When she moved to Kirkby Stephen in Cumbria, the bells hadn’t been rung for 20 years, but her husband, Mark, was not daunted and he set about teaching a band. A 40 foot unguided draft of 40 feet didn’t make the task easy, but he succeeded. He reverted to teaching Plain Bob rather than Grandsire but they didn’t have anybody who could call a touch. So two of them came to the Hereford Course, Sue to learn to call a touch, and Jo to learn Bob Doubles. Both of them, joined by Mark the following year, have been students or helpers on the Hereford Course ever since.

Moving back to the Huddersfield area nearly 30 years ago meant she had to learn to ring Treble Bob - with the tenor not remaining in her favourite place! For the last 20 years, her home tower has been All Hallows, Kirkburton.

As school teachers, Mark and Sue have always been involved in helping others to learn and that has affected their ringing ‘careers’: they’ve had school bellringing teams in Cornwall and Cumbria, and provided sessions for Duke of Edinburgh skills and Scout badges in Yorkshire. It probably means that their own ringing hasn’t always ‘progressed’ as some people might expect…but Cornish ringing stays with her - it’s not what you ring, but how you ring it…

David Mattingley

David learnt to ring at St Nicholas, Hereford by Roger Tingley shortly before moving to Truro where his ringing continued at Kenwyn. Whilst at university in Bath, David was a regular member of the Bathwick quarter peal band. His ringing progressed further on his return to Truro with the help of regularly attending practices and quarter peals in the far west, namely St Buryan and Penzance. He would also often travel out of the county to ring on quarter peal days, and was starting to be invited into peals, in particular by John Pladdys who gave David his first peal on twelve and first long length.

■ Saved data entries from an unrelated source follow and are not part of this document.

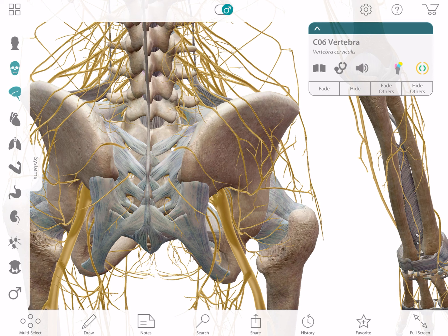You already saw a couple of chiropractors — they adjusted you, you got a good pop, felt a little achy after, then the pain went away. You walked out feeling a little achy but better, then two hours later felt a lot better, and then the next day it came back a lot worse. That's exactly what happened. I see this every day. In my personal opinion, it's beneficial to adjust somebody much more lightly.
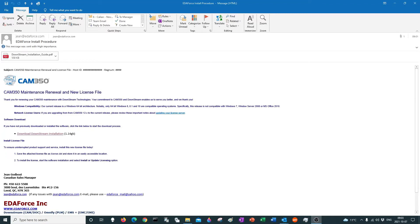I thought I'd do a little video on the installation of a node lock, which is one of the most simple installations. But sometimes there are issues that do happen. So I'd like to step you through the guide and go through every step.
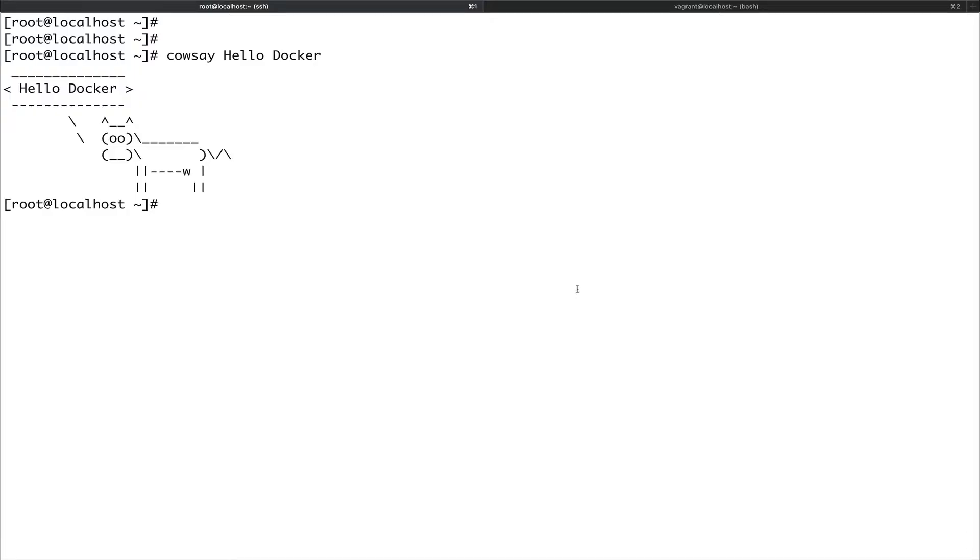Hey guys, welcome back to the channel. In the last video I showed you how to install Docker on a CentOS 7 machine and we ran our first container which echoed hello world. In this video we'll go a little deeper. I'll show you what we exactly did and make you familiar with a few other Docker commands you can use.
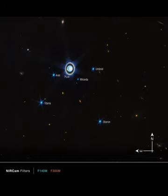Uranus takes 84 years to orbit the Sun. Currently, it is late spring at the northern pole, which is visible here. Uranus's northern summer will be in 2028. In contrast, when Voyager 2 visited Uranus it was summer at the south pole. The south pole is now on the dark side of the planet, out of view and facing the darkness of space.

David moved to Portsmouth in October 2012 and became Ringing Master of the Portsmouth District in February 2013. He is also Vice Captain at Portsmouth Cathedral from 2013 to present. David has also served on the Winchester & Portsmouth D.G. Education Committee, running education courses across the W&P guild.

Some of David's achievements include once ringing for over 13 hours, being part of the most-liked BellBoard performance on the Remembrance centenary, and losing peals at the heaviest six, eight, ten and twelve.

He first attended the Hereford Ringing Course as a student to learn to ring Grandsire Doubles, returning in subsequent years as student and helper, until becoming a tutor in 2012. David most enjoys earning a beer by ringing spliced at any stage. He is supported by his sympathetic wife, Jenny, and two young children.